» **ABOUT THIS EXERCISE**
Send back the data below exactly. Drop every picture.

» **AVAILABLE DATA**

+--

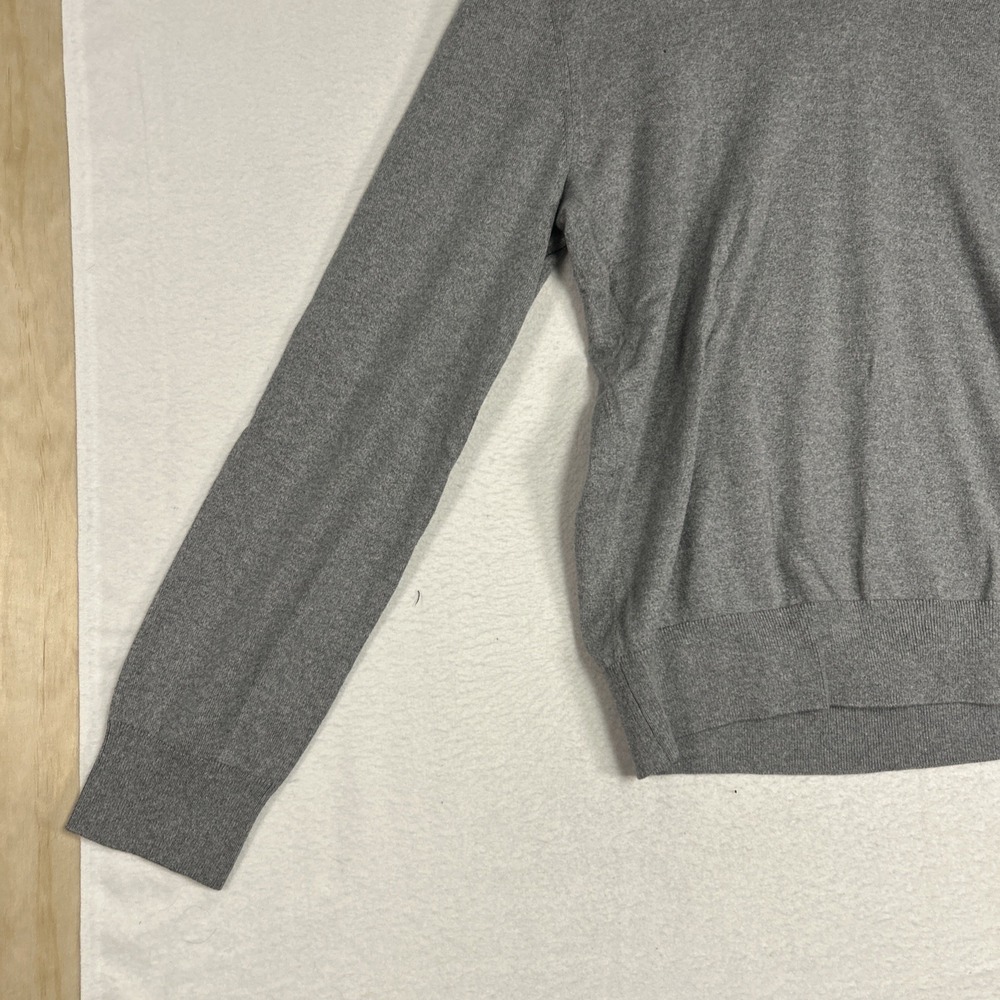 Banana Republic Sweater Mens Large Silk Cashmere Gray Luxury Blend V-Neck Preppy - Picture 3 of 9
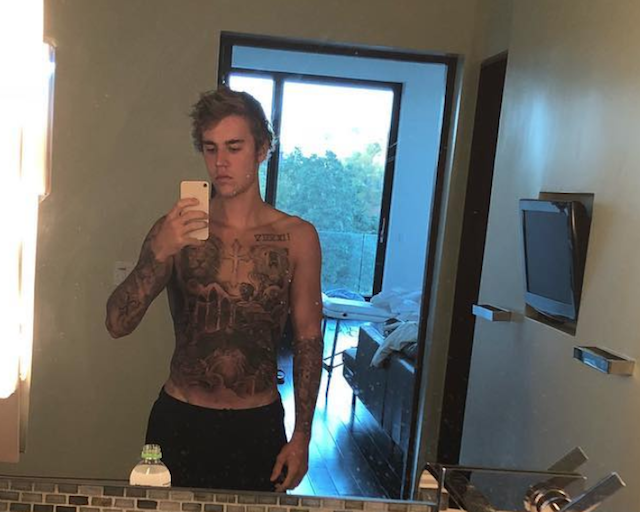 Justin Bieber se ha vuelto loco y se tatúa todo el cuerpo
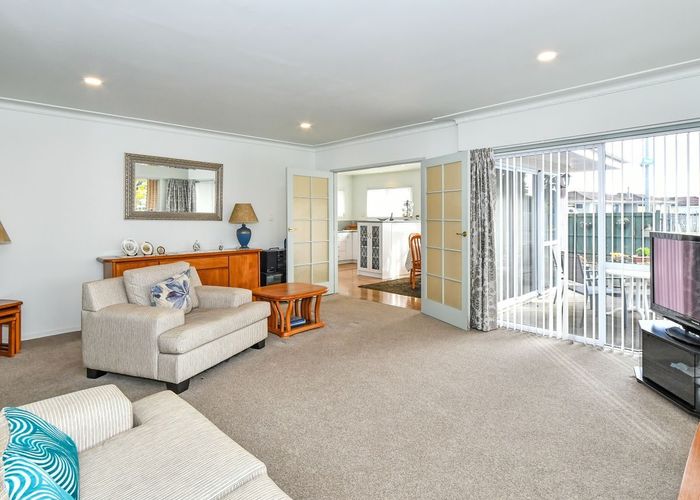  at 12 Gibbons Road, Weymouth, Auckland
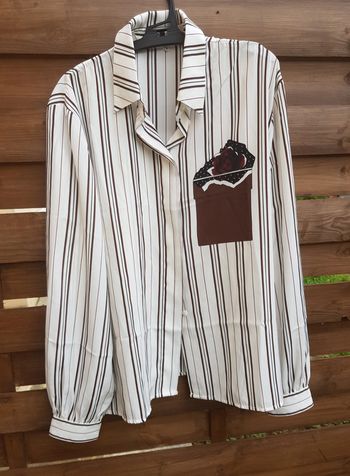 Chemise rayée avec imprimé rose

+--

» **WRITTEN RESPONSE**
 Banana Republic Sweater Mens Large Silk Cashmere Gray Luxury Blend V-Neck Preppy - Picture 3 of 9
 Justin Bieber se ha vuelto loco y se tatúa todo el cuerpo
  at 12 Gibbons Road, Weymouth, Auckland
 Chemise rayée avec imprimé rose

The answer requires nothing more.